A desire for heightened enlightenment is often what attracts people to the martial arts. While it is true that students usually join a martial arts school to become physically fit or to be able to defend themselves, they often want something more than that as well. They want to bring some dignity and honor back into their lives, and they believe the martial arts offer such qualities. And they are right. The martial arts do offer these things, provided the instructors retain a respect for tradition and do not restrict their teaching to only fighting techniques.

The martial aspect of the martial arts pertains to fighting and violence, while the art aspect pertains to peace and calm. The two aspects combine to form the “way,” a separate aspect that unites the martial and the art, so the violence may be controlled. Boxing is a method of fighting but there is no art, and no “way,” so there is no control over the violence. Boxers live for the violence, it becomes a major part of their lives, and many lack any control of it. The same holds true for wrestling and modern mixed martial arts. In the classical, traditional martial arts, the “way” develops morality and a sense of inner being that allows practitioners to control their own violence and the violence of others around them. Without the way, there is no control over violence.

Conclusions

The differences between martial art skills and combat skills may be compared to the differences between listening to a band from a recording using headphones and listening to a band in a live concert.

When listening to the band while sitting in your recliner and using headphones, all extraneous sounds are blocked and you hear the nuisances of the music. You hear picks scraping the strings of a guitar and you hear the fingernails of the pianist tapping on the keys. You may appreciate the music and appreciate how well the musicians perform. You hear the music of the band in its purest form, but only after it has been modified by numerous sound technicians. After listening to the music, you feel satisfied and, if you want to feel satisfied again, you just put on the headphones and play the music again.

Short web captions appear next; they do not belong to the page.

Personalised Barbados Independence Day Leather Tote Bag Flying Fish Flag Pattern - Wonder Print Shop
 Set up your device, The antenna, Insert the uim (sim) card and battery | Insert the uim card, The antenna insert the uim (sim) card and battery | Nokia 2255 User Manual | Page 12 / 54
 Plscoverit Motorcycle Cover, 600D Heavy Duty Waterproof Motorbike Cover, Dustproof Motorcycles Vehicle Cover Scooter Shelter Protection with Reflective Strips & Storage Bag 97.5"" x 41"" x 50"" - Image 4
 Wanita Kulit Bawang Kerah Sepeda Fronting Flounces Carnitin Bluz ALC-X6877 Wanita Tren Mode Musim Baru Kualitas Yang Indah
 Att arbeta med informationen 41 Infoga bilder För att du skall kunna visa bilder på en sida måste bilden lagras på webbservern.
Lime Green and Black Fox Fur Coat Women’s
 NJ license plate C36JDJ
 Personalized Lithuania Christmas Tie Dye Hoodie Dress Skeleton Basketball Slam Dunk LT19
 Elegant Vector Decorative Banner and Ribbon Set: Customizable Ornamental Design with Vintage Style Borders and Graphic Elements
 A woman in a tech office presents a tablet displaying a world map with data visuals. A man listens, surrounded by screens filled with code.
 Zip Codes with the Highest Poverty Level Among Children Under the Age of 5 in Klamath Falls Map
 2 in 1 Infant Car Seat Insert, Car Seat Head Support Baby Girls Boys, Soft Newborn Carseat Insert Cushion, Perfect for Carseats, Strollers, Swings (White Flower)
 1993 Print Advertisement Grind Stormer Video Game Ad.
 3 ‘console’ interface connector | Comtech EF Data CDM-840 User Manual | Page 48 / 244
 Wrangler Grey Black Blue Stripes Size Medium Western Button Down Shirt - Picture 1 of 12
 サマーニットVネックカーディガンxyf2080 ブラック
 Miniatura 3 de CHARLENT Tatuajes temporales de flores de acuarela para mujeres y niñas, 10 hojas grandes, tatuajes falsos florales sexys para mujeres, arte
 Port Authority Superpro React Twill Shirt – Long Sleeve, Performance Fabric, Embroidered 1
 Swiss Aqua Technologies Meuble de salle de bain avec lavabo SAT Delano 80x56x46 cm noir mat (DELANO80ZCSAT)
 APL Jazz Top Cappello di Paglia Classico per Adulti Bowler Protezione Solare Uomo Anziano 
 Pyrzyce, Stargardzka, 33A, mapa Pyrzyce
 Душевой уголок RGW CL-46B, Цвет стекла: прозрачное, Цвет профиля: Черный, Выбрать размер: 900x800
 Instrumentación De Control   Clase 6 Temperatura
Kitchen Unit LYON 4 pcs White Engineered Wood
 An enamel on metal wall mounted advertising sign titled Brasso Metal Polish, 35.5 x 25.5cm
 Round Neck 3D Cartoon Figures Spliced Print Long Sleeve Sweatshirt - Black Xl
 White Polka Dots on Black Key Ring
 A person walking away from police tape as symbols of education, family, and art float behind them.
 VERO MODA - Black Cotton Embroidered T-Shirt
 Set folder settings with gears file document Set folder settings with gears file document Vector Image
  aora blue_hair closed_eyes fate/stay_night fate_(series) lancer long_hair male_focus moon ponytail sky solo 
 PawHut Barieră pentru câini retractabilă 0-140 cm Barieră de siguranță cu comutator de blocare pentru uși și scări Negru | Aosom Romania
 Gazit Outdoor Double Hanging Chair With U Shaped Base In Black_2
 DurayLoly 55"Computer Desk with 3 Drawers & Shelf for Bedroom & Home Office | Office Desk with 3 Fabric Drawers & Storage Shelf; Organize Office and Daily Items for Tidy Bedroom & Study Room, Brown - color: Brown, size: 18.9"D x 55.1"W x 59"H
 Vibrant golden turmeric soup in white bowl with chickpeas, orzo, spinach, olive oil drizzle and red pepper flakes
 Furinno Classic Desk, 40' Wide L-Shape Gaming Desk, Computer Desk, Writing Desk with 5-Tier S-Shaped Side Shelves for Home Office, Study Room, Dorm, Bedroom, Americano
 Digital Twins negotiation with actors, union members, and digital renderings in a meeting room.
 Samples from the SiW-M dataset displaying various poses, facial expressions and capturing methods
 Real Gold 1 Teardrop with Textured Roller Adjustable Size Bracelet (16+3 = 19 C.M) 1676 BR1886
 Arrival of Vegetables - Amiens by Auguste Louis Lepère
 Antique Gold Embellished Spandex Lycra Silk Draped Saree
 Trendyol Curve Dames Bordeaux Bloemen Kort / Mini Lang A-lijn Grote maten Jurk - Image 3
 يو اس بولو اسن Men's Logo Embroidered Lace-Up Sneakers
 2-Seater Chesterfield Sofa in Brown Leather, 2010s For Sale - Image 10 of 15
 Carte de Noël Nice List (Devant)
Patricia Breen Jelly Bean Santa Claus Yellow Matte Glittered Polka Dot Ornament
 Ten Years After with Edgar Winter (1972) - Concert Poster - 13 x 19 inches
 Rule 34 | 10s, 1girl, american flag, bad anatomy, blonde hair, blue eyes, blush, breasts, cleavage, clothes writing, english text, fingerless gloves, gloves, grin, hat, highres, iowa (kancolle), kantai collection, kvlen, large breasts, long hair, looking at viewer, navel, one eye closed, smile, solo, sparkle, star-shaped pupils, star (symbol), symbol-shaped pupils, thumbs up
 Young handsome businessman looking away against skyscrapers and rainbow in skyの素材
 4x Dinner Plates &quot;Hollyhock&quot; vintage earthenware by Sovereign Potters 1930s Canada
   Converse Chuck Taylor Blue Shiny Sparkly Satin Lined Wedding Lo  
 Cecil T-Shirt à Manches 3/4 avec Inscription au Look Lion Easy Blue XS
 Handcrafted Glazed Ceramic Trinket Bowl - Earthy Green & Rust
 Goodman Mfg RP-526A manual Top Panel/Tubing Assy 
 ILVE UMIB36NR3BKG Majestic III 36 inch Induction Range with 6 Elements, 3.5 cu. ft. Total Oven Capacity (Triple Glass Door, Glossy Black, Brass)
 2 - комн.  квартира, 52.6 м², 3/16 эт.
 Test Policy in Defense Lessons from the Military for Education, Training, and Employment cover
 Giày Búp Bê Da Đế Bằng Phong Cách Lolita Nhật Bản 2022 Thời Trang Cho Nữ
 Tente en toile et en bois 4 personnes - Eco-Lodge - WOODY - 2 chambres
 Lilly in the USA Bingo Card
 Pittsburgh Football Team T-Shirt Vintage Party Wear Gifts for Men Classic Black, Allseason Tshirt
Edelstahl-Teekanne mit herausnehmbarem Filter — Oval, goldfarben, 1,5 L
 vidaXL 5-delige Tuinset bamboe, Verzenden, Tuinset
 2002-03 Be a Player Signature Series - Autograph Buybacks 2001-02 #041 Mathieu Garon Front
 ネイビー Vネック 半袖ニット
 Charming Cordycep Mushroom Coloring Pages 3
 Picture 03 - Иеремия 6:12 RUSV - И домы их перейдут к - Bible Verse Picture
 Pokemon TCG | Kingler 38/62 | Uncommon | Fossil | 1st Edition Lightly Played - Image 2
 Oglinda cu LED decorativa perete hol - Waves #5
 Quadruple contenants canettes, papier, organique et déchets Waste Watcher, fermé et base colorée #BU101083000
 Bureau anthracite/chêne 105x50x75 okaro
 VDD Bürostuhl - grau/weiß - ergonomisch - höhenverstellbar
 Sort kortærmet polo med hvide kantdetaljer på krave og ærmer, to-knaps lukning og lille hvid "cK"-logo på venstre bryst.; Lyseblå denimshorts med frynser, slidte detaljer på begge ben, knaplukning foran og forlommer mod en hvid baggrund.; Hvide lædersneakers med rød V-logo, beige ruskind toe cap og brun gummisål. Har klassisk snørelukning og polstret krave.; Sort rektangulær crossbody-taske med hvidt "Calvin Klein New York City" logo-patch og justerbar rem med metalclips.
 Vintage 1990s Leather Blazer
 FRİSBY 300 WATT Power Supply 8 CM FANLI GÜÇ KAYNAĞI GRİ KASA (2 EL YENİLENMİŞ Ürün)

When listening to the band in concert, you are immersed in the music. You not only hear the sound, you feel the sound over your entire body. You are jostled by the crowd; you hear them and feel their emotions. You in the action, experiencing the music of the band in its rawest form. You hear all the mistakes and off-key notes, but you can "feel" the music. After a concert, you feel alive and fulfilled, but the only way to achieve the feeling again is to attend another concert.

Martial arts skills are satisfying, and the satisfaction may be obtained by merely performing the skills. Martial arts seek perfection of movement and, once satisfaction is attained, the movements that lead to the satisfaction may be easily replicated.

Combat skills are fulfilling, but to feel fulfilled, fighters must fight and they usually they must win. Perfection is neither sought nor desired, winning is the goal. Each fight is different and cannot be replicated. One fight may be a good experience, the next bad. Fighters are addicts, they are only satisfied with they get their "fix."

A martial art is a way of life that may be used for self-defense. Easily 95% of the people in the United States will never be in a situation where they are forced to defend themselves, so, if they spend their entire lives training to use their martial arts in a fight, they will be wasting their time. However, if they spend their entire lives training in their martial arts to improve their lives, then all the work will be worth it, even if they never need to defend themselves. People who train in a martial art to fight are disappointed if they do not get to fight. People who train in the "way" or the "do" of a martial art are disappointed when they must fight.

Martial arts are not something one does occasionally for self-defense or to improve physical fitness, rather, they are a way of living one’s life in a way that enriches its enjoyment. This is the true secret of the martial arts.